In the food industry, dairy industry, and other industries, methods for rapidly detecting microorganisms with high sensitivity are very important, for example, in the control of environmental microorganisms such as the detection of microorganisms at food manufacturing plants for prevention of food poisoning, and in the inspection for contamination of microorganisms in food products (e.g., dairy products such as milk). In conventional methods for detecting living cells using a nutrient medium, it takes several days until a living microorganism is counted.
For the detection of microorganisms as described above, a method of utilizing ATP present in all organisms has been examined. As a method for detecting ATP, a bioluminescence assay employing firefly luciferase has been known. This method is an established technique for measuring ATP (see DeLuca, M. and W. D. McElroy, “Kinetics of the firefly luciferase catalyzed reactions,” Biochemistry, vol. 26. pp. 921-925 (1974)) and has been used as a rapid, hygiene monitoring (Bautista, D. A. et al., “Adenosine triphosphate bioluminescence as a method to determine microbial levels in scald and chill tanks at a poultry abattoir,” Poult. Sci., vol. 73, pp. 1673-1678 (1994)). Furthermore, an ATP assay has recently been proposed as a technology for countering bioterrorism (Spencer, R. C. and N. F. Lightfoot, “Preparedness and response to bioterrorism,” J. Infect., vol. 43, pp. 104-110 (2001)).

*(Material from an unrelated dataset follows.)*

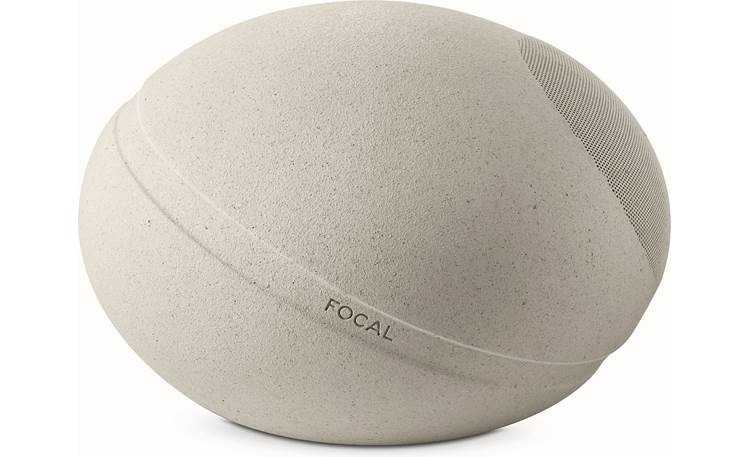 Focal OD Stone 8 Side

However, the conventional methods for assaying ATP have a detection limit (e.g., approximately 104 E. coli colony-forming units (CFU)/assay). Such a sensitivity is not sensitive enough for industrial or practical applications.
A computer simulation has suggested that ATP amplification employing adenylate kinase (ADK) and pyruvate kinase (PVK) provides a possibility that a very low level of ATP can be detected without using a photometer having high sensitivity (Chittock, R. S. et al., “Kinetic aspects of ATP amplification reactions,” Anal. Biochem, vol. 255, pp. 120-126 (1998)). However, this method has not been utilized in practice.

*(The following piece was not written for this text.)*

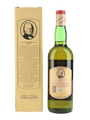 Glenlivet 12 Year Old Bottled 1980s 75cl / 40%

In order to assay a trace amount of ATP, a method for amplifying ATP has been proposed (Japanese Laid-Open Patent Publication No. 2001-299390). This method disclosed in Japanese Laid-Open Patent Publication No. 2001-299390 will be described with reference to FIG. 1. In FIG. 1, ADK refers to adenylate kinase, polyP refers to polyphosphate, and PPK refers to polyphosphate kinase. Hereinafter, these abbreviations sometimes are also used in the present specification. FIG. 1a shows that in the absence of ATP, ATP is not theoretically produced from AMP and polyphosphate. As shown in FIG. 1b, in the presence of ATP, ADK causes a transphosphorylation from ATP to AMP, which results in a production of two molecules of ADP (first reaction). The two molecules of ADP produced in this first reaction receive a phosphate group from polyphosphate by the action of PPK, resulting in a production of two molecules of ATP (second reaction). The two molecules of ATP produced in this second reaction are used again for the first reaction to produce four molecules of ADP, and these four molecules of ADP are then converted into four molecules of ATP by PPK.

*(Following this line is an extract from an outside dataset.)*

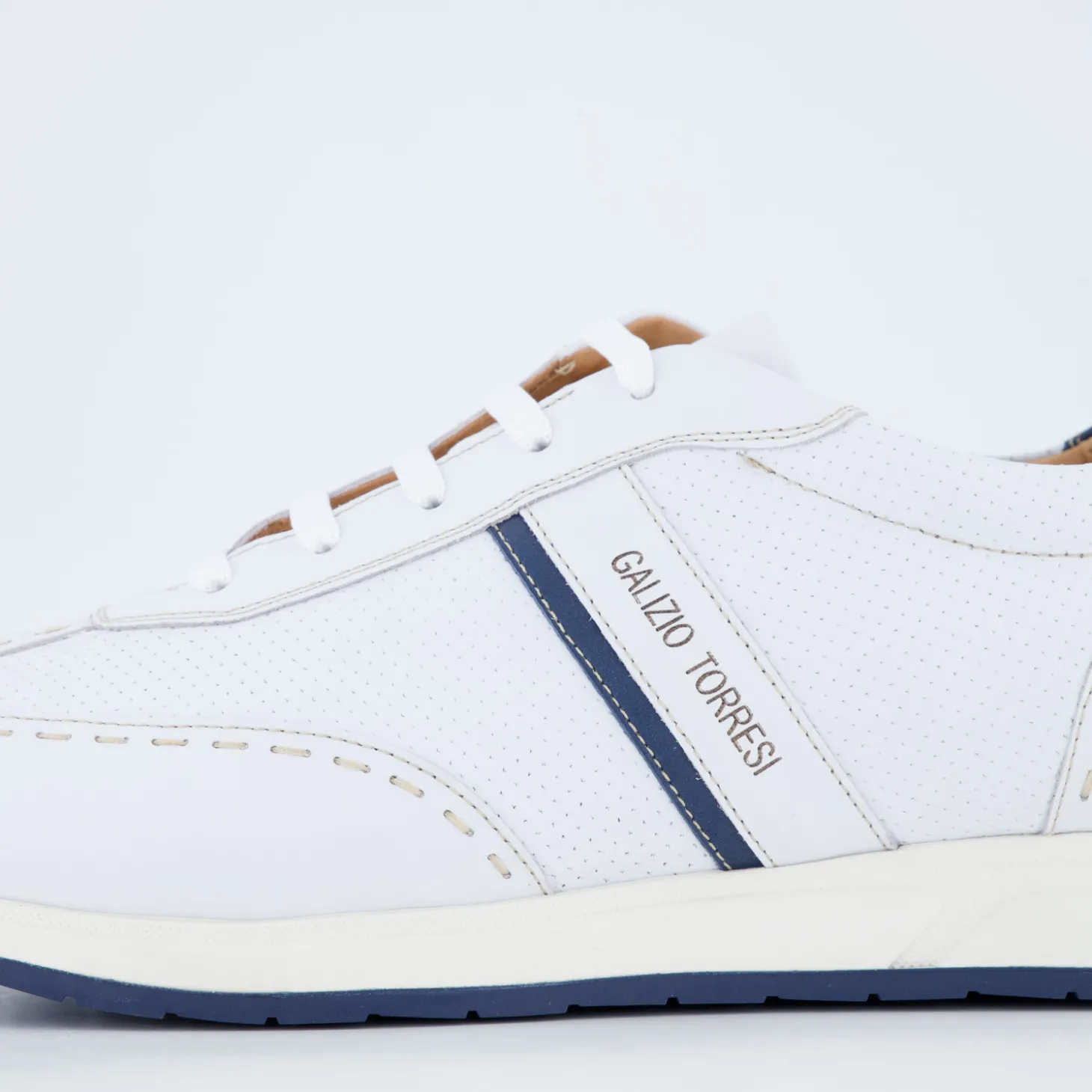 Halbschuhe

In this manner, according to Japanese Laid-Open Patent Publication No. 2001-299390, excess amounts of AMP and polyphosphate are added to the reaction system to drive the ADK and PPK equilibrium toward the production of ADP (first reaction) and the production of ATP (second reaction), respectively. Then, by repeating a single reaction system including the first reaction and the second reaction n times, one molecule of ATP is amplified to 2n molecules of ATP. Therefore, this method is an excellent method for amplifying ATP.
Although this method described in Japanese Laid-Open Patent Publication No. 2001-299390 is an excellent method in that the presence of cells can be detected with a higher level of sensitivity than conventionally achieved, it turned out that in this method, amplification of ATP in the absence of ATP, which does not occur in theory, is sometimes observed at a low level, and thus there is a problem in that this method does not have reliability for amplifying and detecting exogenous (externally added) ATP only. That is to say, there is a problem in that this method cannot reliably provide such a sensitivity that ATP at a single cell level can be amplified and detected. Furthermore, there are also problems such as the adjustment between the activities of ADK and PPK.